OpenTelemetry here means instrumentation and export (SDK + OTLP), not a storage product. Storage is whatever backs metrics (Prometheus, Mimir, etc.) and optionally Tempo/Loki depending on collector config.

Grafana is the visualization layer; it is not the scaling bottleneck.

Local stack (metrics path): The repo’s Docker Compose stack runs OpenTelemetry Collector (OTLP gRPC/HTTP → Prometheus scrape endpoint) and Prometheus alongside Loki and Grafana. The SimHub plugin sends OTLP metrics when OTEL_EXPORTER_OTLP_ENDPOINT or SIMSTEWARD_OTLP_ENDPOINT is set (no in-process /metrics HTTP server — avoids HttpListener constraints). End-to-end steps and ports: docs/observability-local.md § Metrics.

2. Decision matrix

Data class	Examples	Target	Rationale
Domain events	`incident_detected`, `action_result`, `session_end_datapoints_*`, `session_digest`	Loki	Irregular, rich JSON; query by `event` + body fields.
Low-rate resource / health	`host_resource_sample`, `plugin_ready`	Loki; optional duplicate as gauges in Prom/Mimir	Loki is fine at ~1/min; Prom better for alert rules on % CPU / memory.
Car / sim telemetry (high rate)	Per-tick `Speed`, `RPM`, tire temps, `CarIdx*` arrays at 60 Hz	OTel metrics → Prometheus/Mimir	Time-series shape; aggregation, downsampling, rates — not log lines.
Traces	Optional spans	OTel → Tempo	Adds complexity; defer until needed.

3. Architecture sketch

flowchart TB
  subgraph clients [Per user machine]
    Plugin[SimSteward plugin]
    OTelCol[OTel Collector optional]
    Plugin -->|structured events NDJSON| Loki[Loki]
    Plugin -->|OTLP metrics low agg| OTelCol
  end
  OTelCol --> MetricsDB[Prometheus or Mimir]
  Loki --> Grafana[Grafana]
  MetricsDB --> Grafana

4. Rough sizing at ~1k users

4.1 Loki (logs)

Per-user log budget (order of magnitude) — from docs/GRAFANA-LOGGING.md volume table (~2 h session):

~0.23 MB per session (event-driven; no per-tick logging).
If a heavy user runs ~30 sessions/month → ~7 MB/user/month (0.23 × 30).

~1k users (all active, similar usage):

~7 GB/month ingested logs (1000 × 7 MB), order-of-magnitude before deduplication, sampling, or varying usage.
Ingestion rate: Batches are small (< 20 KB typical); total MB/s depends on how many users peak at once — size the tenant (ingestion cap, storage, retention) to users × peak sessions × batch frequency, not average only.
Streams: With the 4-label schema ( docs/GRAFANA-LOGGING.md ), active streams stay ≪ 5,000; the risk is total GB/month and MB/s, not stream count.

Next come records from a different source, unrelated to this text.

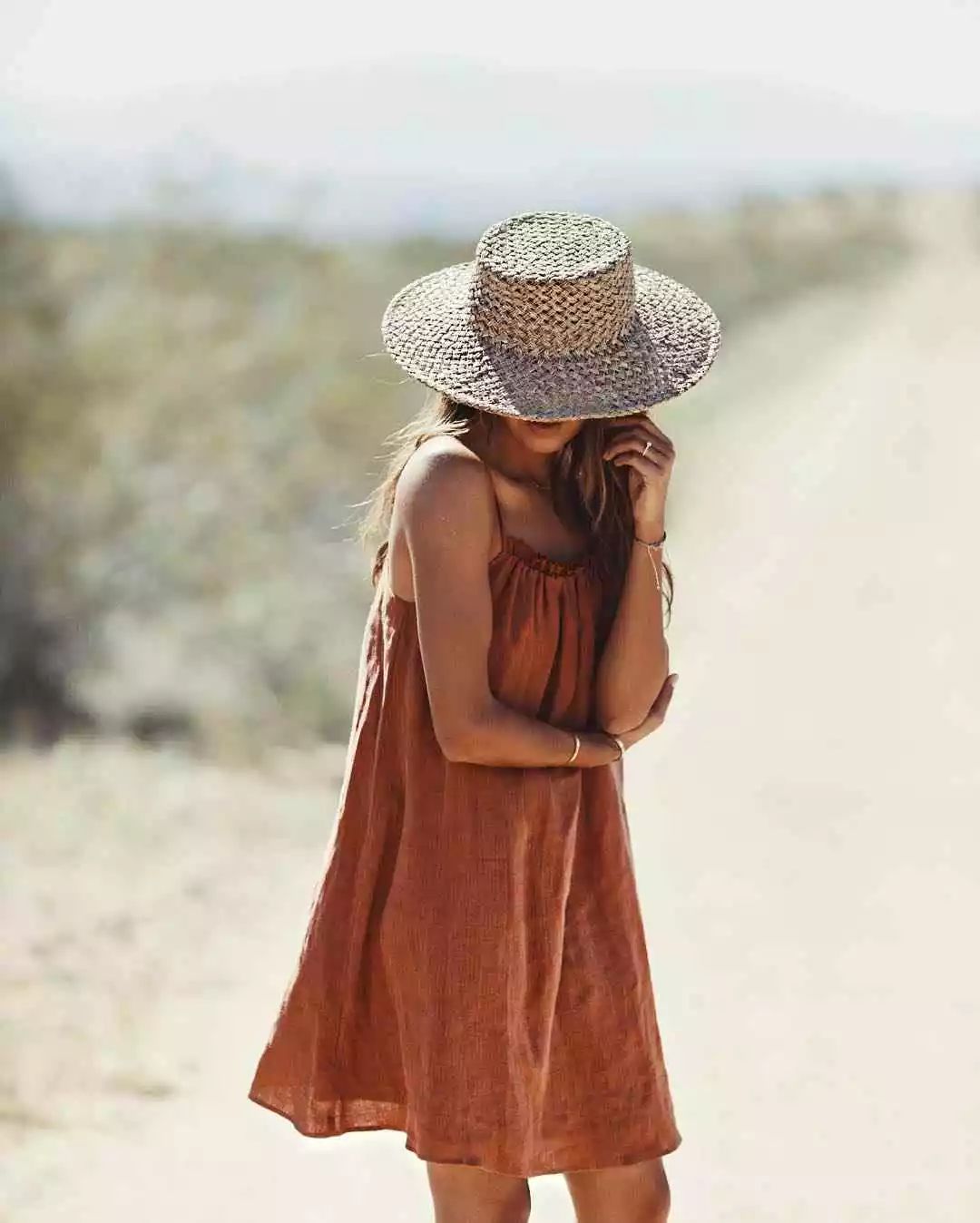 风靡文艺界的“棉麻服”会穿吗？学会提亮色彩搭配，回归布衣精神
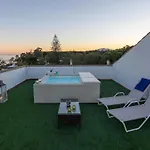Vacation I Canas Beachfront Haven, Sea View, Jacuzzi, Golden Mile, Duplex Penthouse, 24-7 Security Appartement *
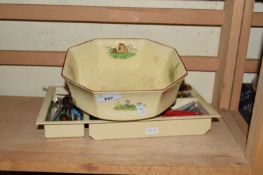 TRAY VARIOUS CUTLERY AND A FIELDINGS BOWL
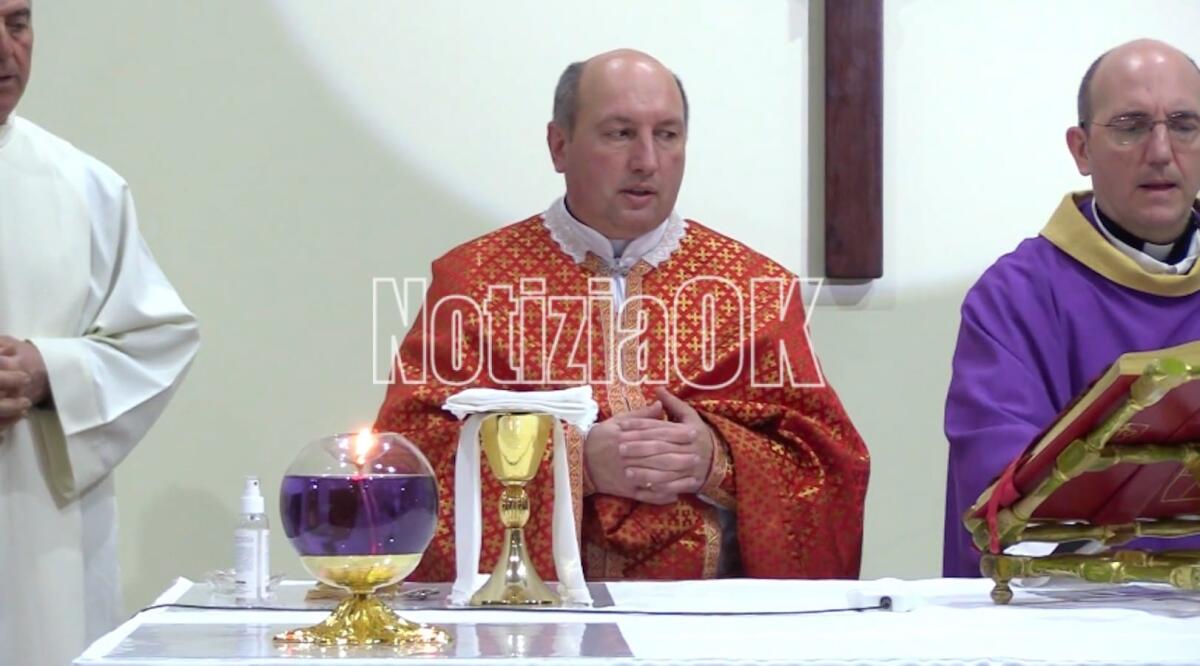 Crotone, una messa in Duomo per la pace in Ucraina: «Voi crotonesi ci date l'esempio del buon samaritano» -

Grafana Cloud free tier (indicative: ~50 GB/month, 5 MB/s, 14-day retention — see docs/GRAFANA-LOGGING.md): ~1k full-time users with the stated per-session budget can exceed “hobby” comfort without a sizing pass. Treat paid Grafana Cloud capacity or self-hosted Loki as a billing/ops decision once user counts and session rates are known.

4.2 Prometheus / Mimir (metrics)

Risk at scale: Cardinality — not Grafana UI.

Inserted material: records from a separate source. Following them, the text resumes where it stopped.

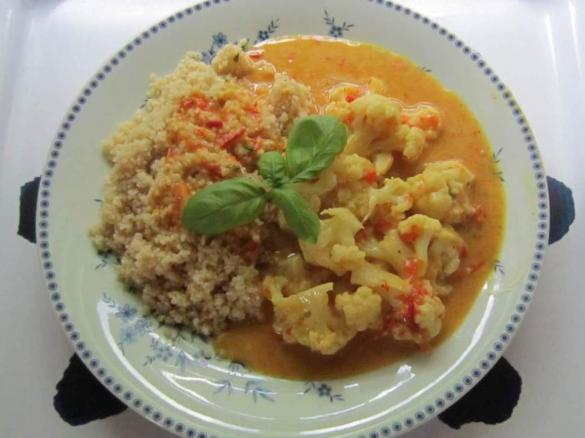 Scharfes Blumenkohlcurry mit Couscous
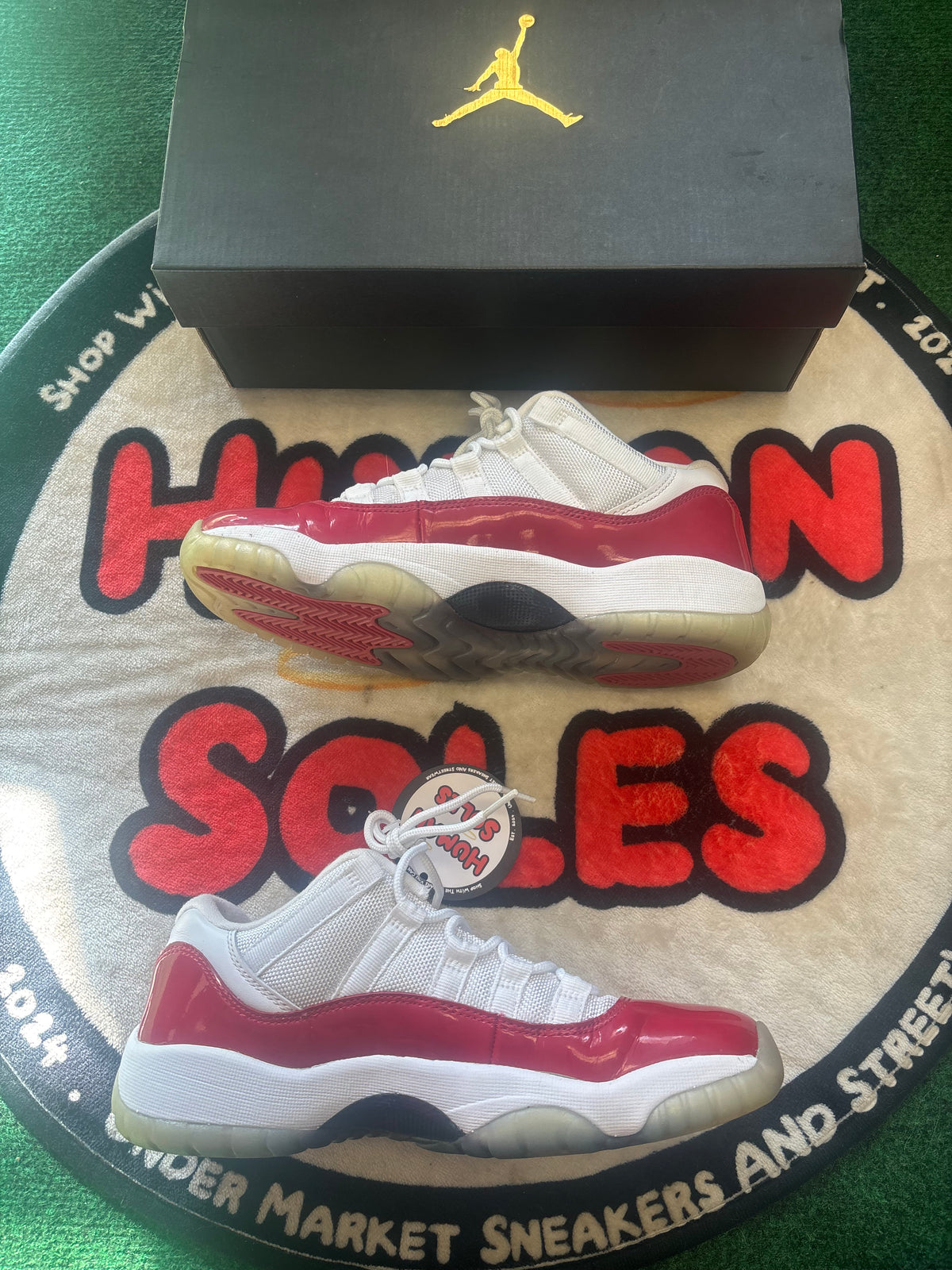 Jordan 11 ‘Cherry’|Size 6M/7.5W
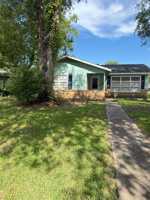 featured image of 2427 3rd Ave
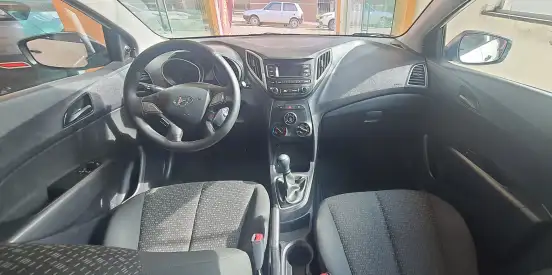 HYUNDAI-HB20-2018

Do not put user_id, session_id, or car_idx on every series as labels → millions of series → cost and slow queries.
Do: Low-cardinality labels (env, region, app, tier); aggregate at OTel collector or edge; put high-cardinality IDs in exemplars, logs (Loki), or recording rules.

4.3 What breaks at ~1k users

Anti-pattern	Effect
Per-tick car telemetry as Loki log lines	Volume and query cost explode; fights Loki’s model.
High-cardinality labels on metrics	Prometheus/Mimir series explosion.
Assuming free tier limits = production headroom	May need paid or self-hosted before launch at volume.

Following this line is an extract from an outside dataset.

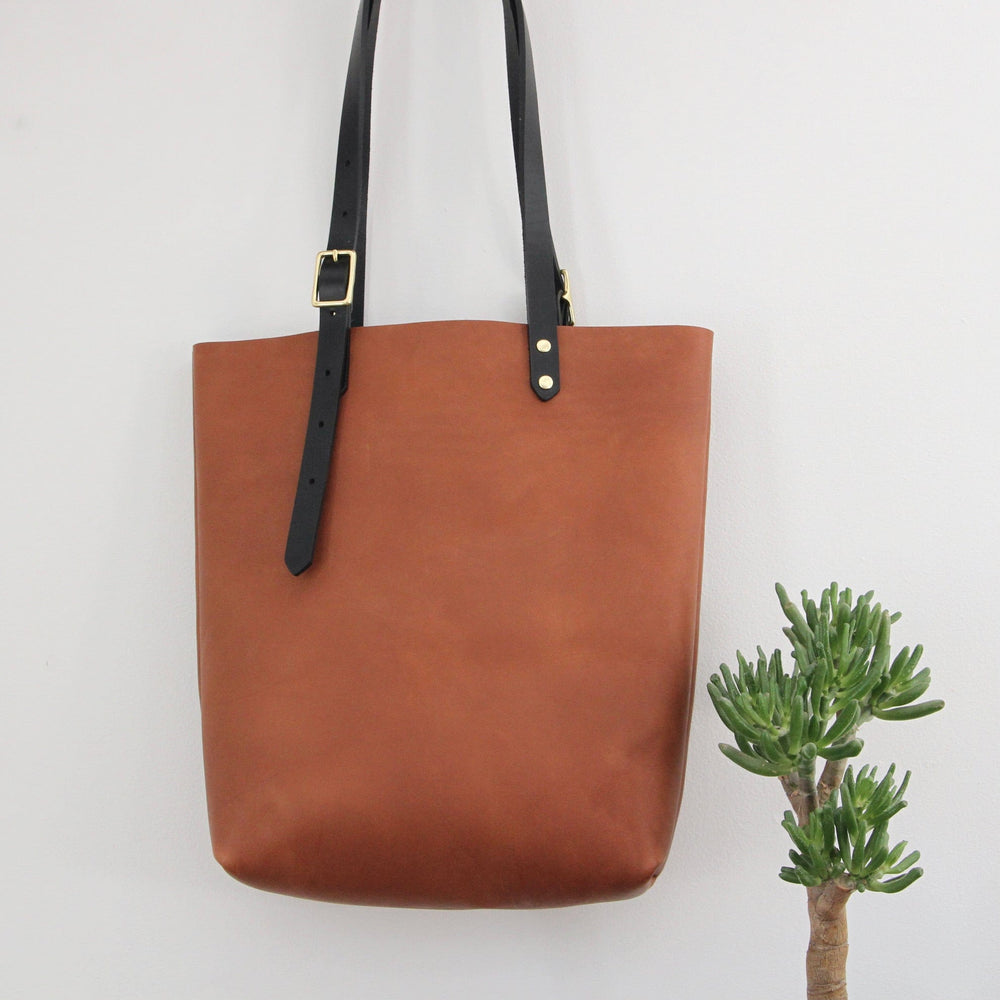 BAG The Leona Tote in Whiskey & Black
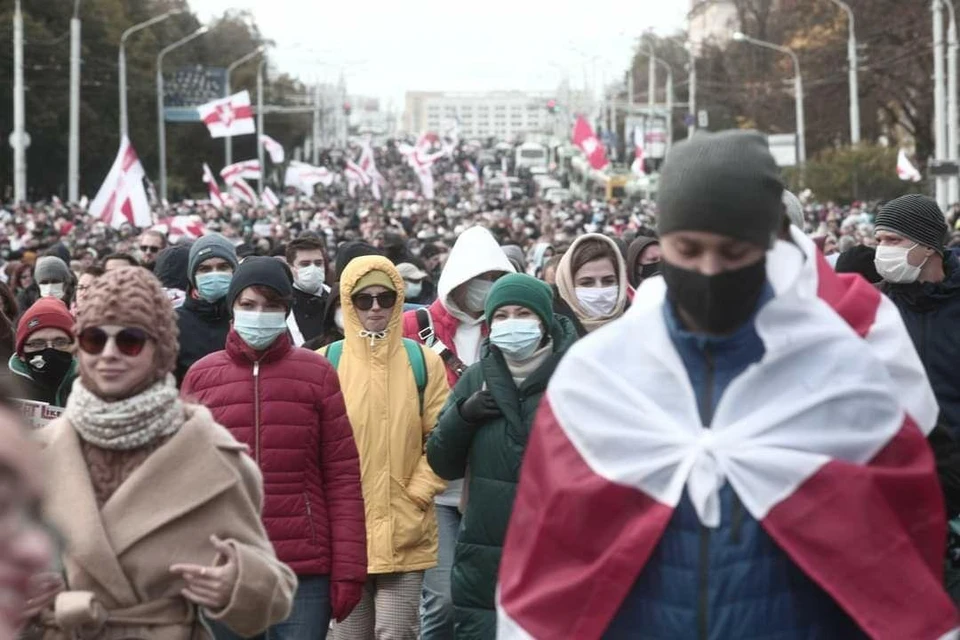 Во время воскресного марша оппозиции в Минске. Фото: Иван Иванов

5. Metric taxonomy: car telemetry (OTel vs Loki)

Rule of thumb: Anything sampled or emitted every tick (~60 Hz) or per-car per-tick belongs in the OTel metrics → Prometheus/Mimir path when exported — not as a high-rate Loki log stream.

5.1 OTel metrics path (when implemented)

Candidate signals (names are illustrative; align with OTel semantic conventions when implementing):

Category	SDK variables (see docs/IRACING-TELEMETRY.md; availability docs/IRACING-DATA-AVAILABILITY.md)	Notes
Motion / driver	`Speed`, `RPM`, `Throttle`, `Brake`, `Clutch`, `Gear`, `SteeringWheelAngle`, `LatAccel`, `LongAccel`, `VertAccel`, `Yaw`/`Pitch`/`Roll`/`YawRate`…	Export aggregated or downsampled (e.g. 1–5 Hz) with low-cardinality labels only.
Tires	`LFtempCL/CM/CR`, …, `{c}pressure`, `{c}wear*`, `{c}rideHeight`	Per-corner; avoid per-session labels on every series.
Engine / fuel	`FuelLevel`, `FuelLevelPct`, `FuelUsePerHour`, `OilTemp`, `WaterTemp`, `ManifoldPress`, …	Gauges / rates.
Lap / position	`LapDistPct`, `Lap`, `LapCurrentLapTime`, `LapLastLapTime`, `LapBestLapTime`	Histograms or gauges depending on use case.
Per-car arrays	`CarIdxLap`, `CarIdxPosition`, `CarIdxRPM`, `CarIdxGear`, `CarIdxLapDistPct`, …	High cardinality if labeled per car per user — prefer aggregation (e.g. leader lap, player car only) or sampled subset.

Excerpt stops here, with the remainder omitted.